# Project: Part of Speech Tagging with Hidden Markov Models 
---
### Introduction

Part of speech tagging is the process of determining the syntactic category of a word from the words in its surrounding context. It is often used to help disambiguate natural language phrases because it can be done quickly with high accuracy. Tagging can be used for many NLP tasks like determining correct pronunciation during speech synthesis (for example, _dis_-count as a noun vs dis-_count_ as a verb), for information retrieval, and for word sense disambiguation.

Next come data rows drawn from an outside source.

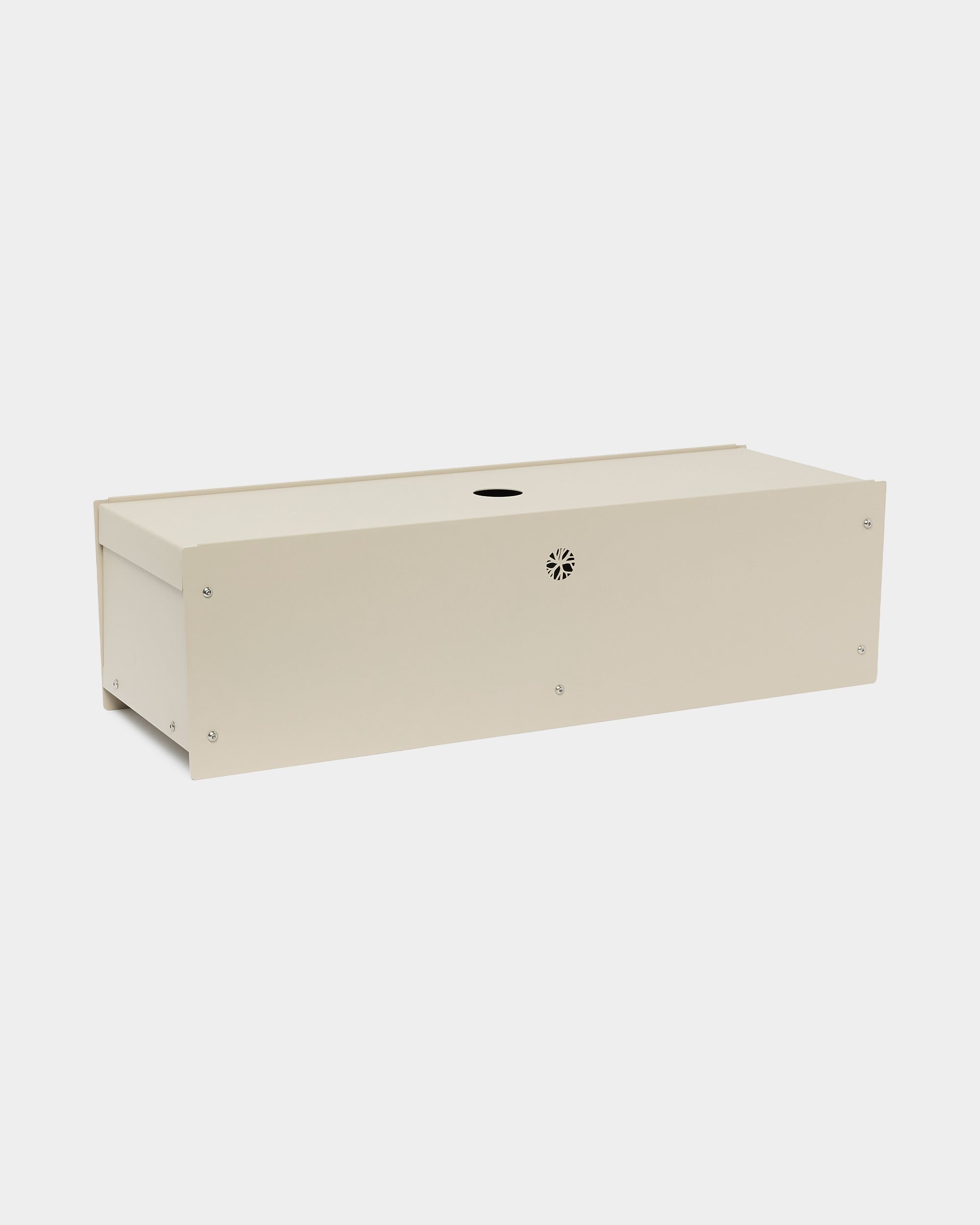 The Nell | Metal Box / BM2 fra WoodUpp, en rektangulær pulverlakkert steel-boks i beige med et sirkelformet hull og ventil, tilbehør til Akupanel, på hvit bakgrunn.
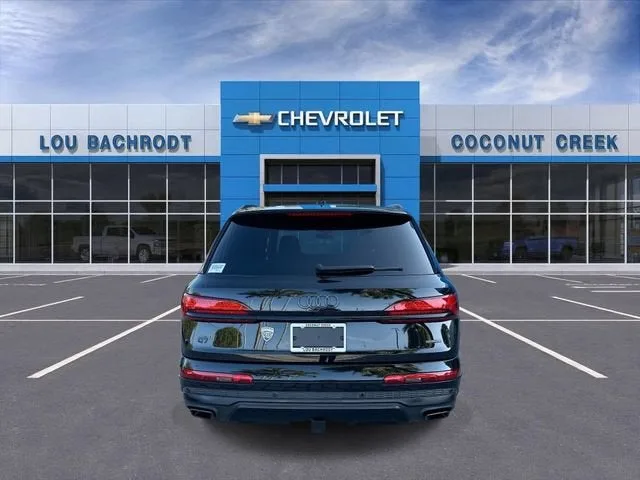 2025 Audi Q7 Prestige photo 7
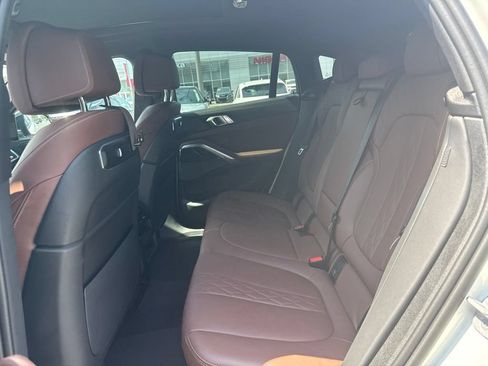 Used 2024 BMW X6 xDrive40i w/ Premium Package AWD/4WD image 8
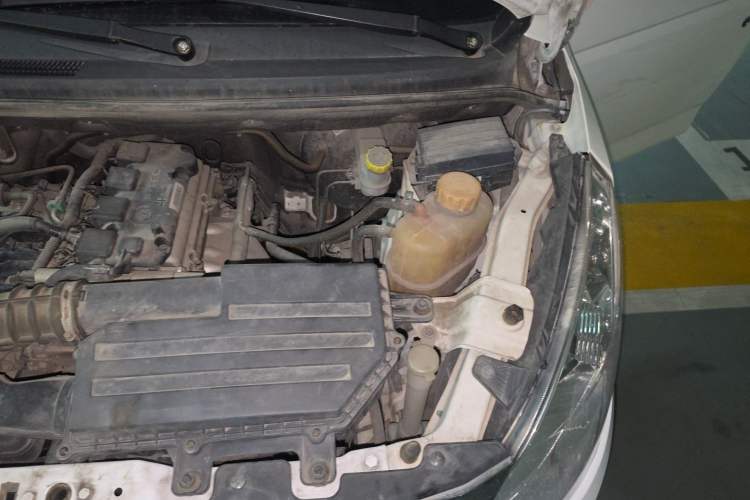 Used Wuling Rongguang V 2018 1.5L Standard Version Engine Bay Left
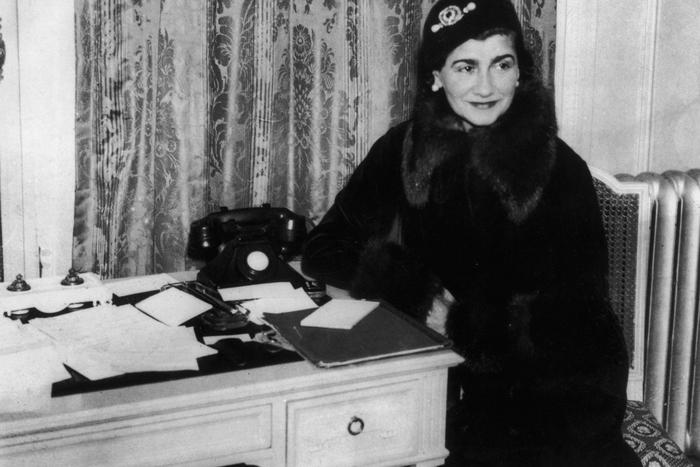 Коко Шанель работала и творила по-русски: 140 лет со дня рождения Мадемуазель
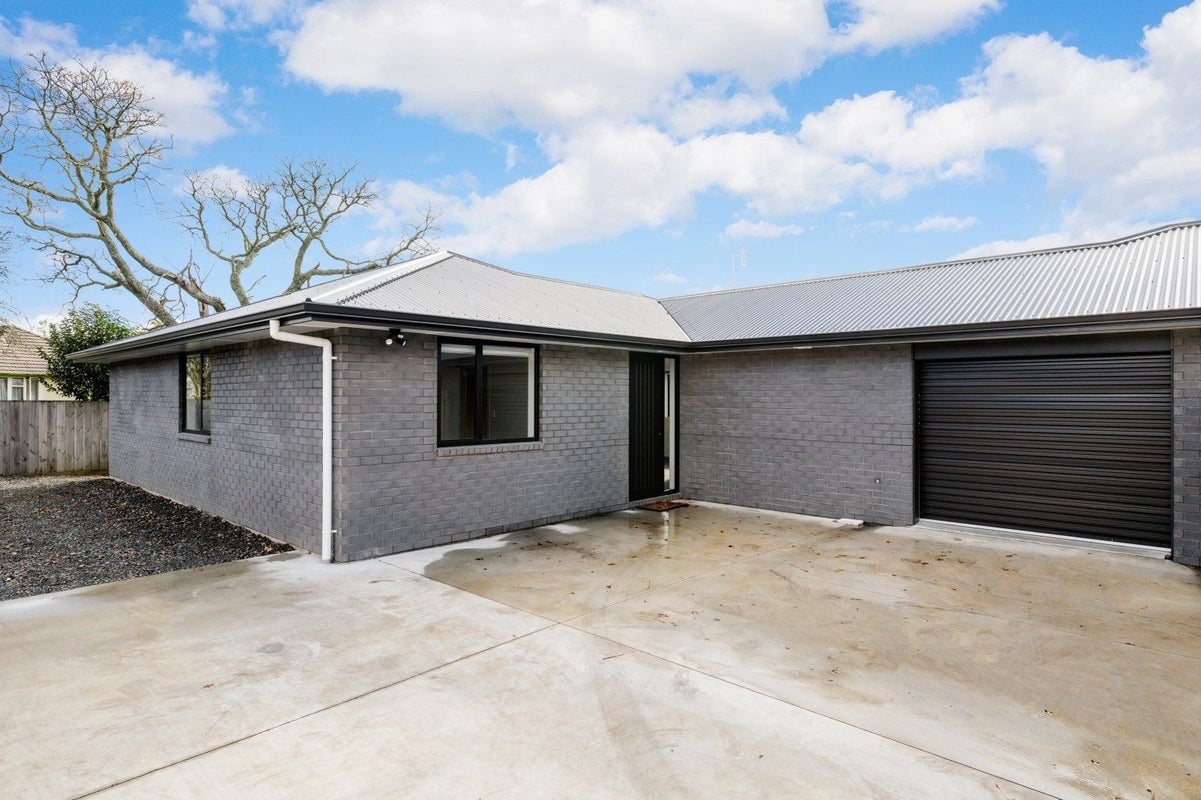 401B Peachgrove Road, Fairfield, Hamilton - Carousel 1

In this notebook, you'll use the [Pomegranate](http://pomegranate.readthedocs.io/) library to build a hidden Markov model for part of speech tagging using a "universal" tagset. Hidden Markov models have been able to achieve [>96% tag accuracy with larger tagsets on realistic text corpora](http://www.coli.uni-saarland.de/~thorsten/publications/Brants-ANLP00.pdf). Hidden Markov models have also been used for speech recognition and speech generation, machine translation, gene recognition for bioinformatics, and human gesture recognition for computer vision, and more. 

![](_post-hmm.png)

The notebook already contains some code to get you started. You only need to add some new functionality in the areas indicated to complete the project; you will not need to modify the included code beyond what is requested. Sections that begin with **'IMPLEMENTATION'** in the header indicate that you must provide code in the block that follows. Instructions will be provided for each section, and the specifics of the implementation are marked in the code block with a 'TODO' statement. Please be sure to read the instructions carefully!

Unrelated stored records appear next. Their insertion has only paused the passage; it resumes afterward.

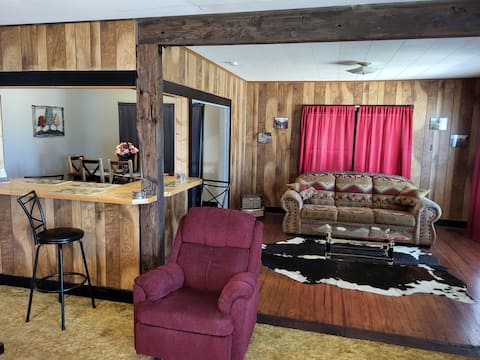 Randy's Bed and No Breakfast
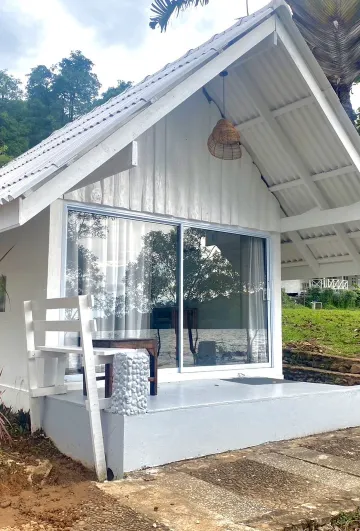 บังกะโลสาครบุรีริมทะเล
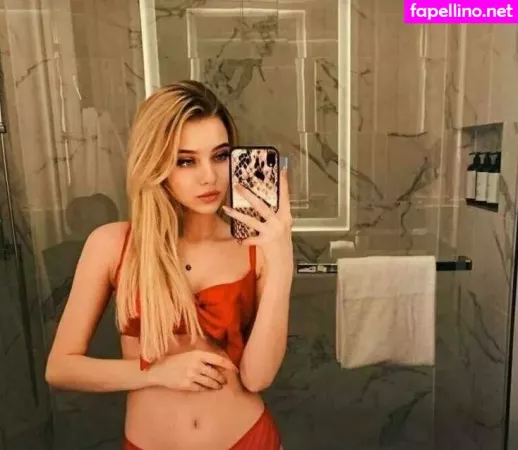 Katy Fox OnlyFans Thumbnail #D7hwaNsa6O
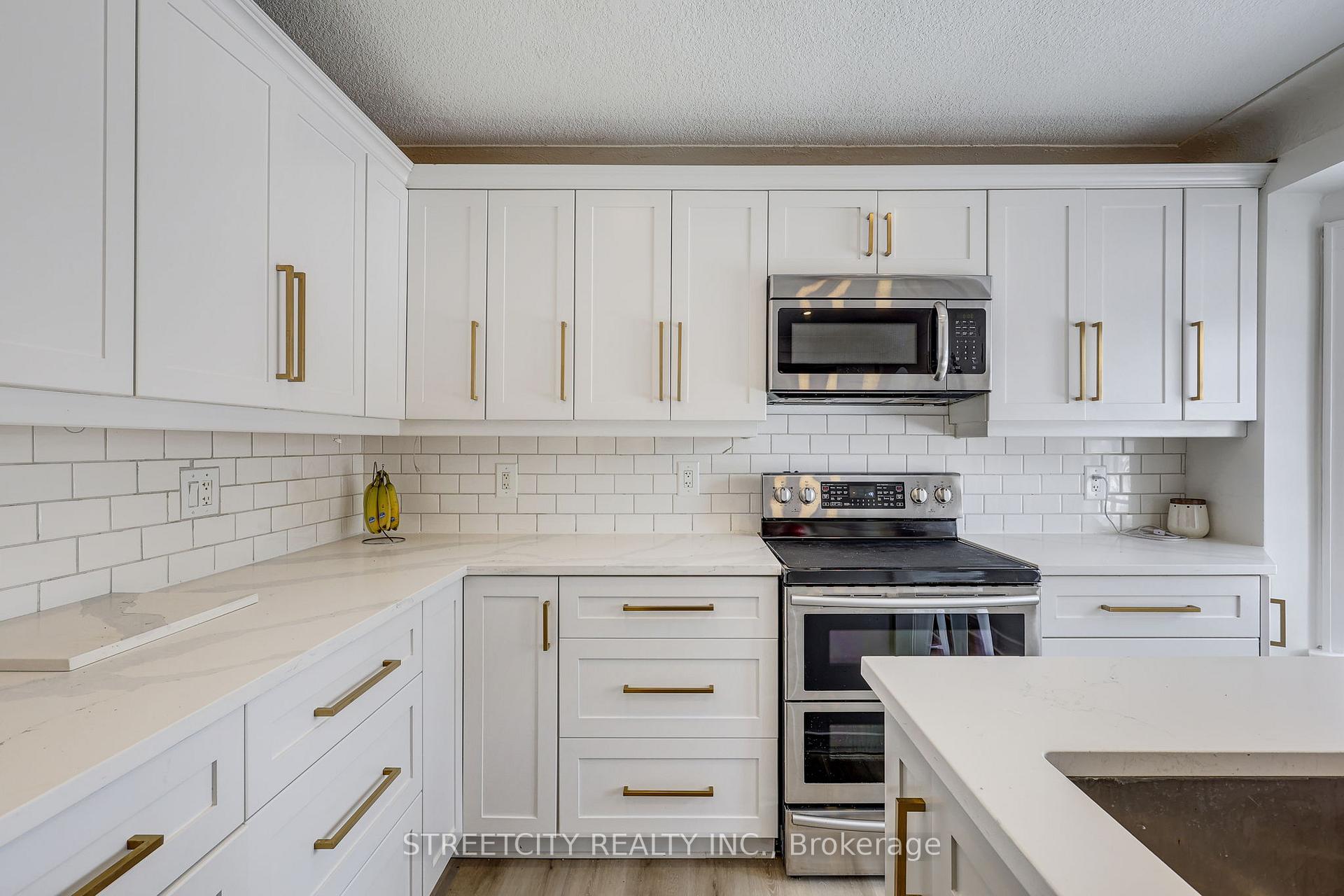 Photo 12 of 117 Centennial Avenue, Central Elgin, Rural Central Elgin — HOMEH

<div class="alert alert-block alert-info">
**Note:** Once you have completed all of the code implementations, you need to finalize your work by exporting the iPython Notebook as an HTML document. Before exporting the notebook to html, all of the code cells need to have been run so that reviewers can see the final implementation and output. You must then **export the notebook** by running the last cell in the notebook, or by using the menu above and navigating to **File -> Download as -> HTML (.html)** Your submissions should include both the `html` and `ipynb` files.
</div>

<div class="alert alert-block alert-info">
**Note:** Code and Markdown cells can be executed using the `Shift + Enter` keyboard shortcut. Markdown cells can be edited by double-clicking the cell to enter edit mode.
</div>

### The Road Ahead
You must complete Steps 1-3 below to pass the project. The section on Step 4 includes references & resources you can use to further explore HMM taggers.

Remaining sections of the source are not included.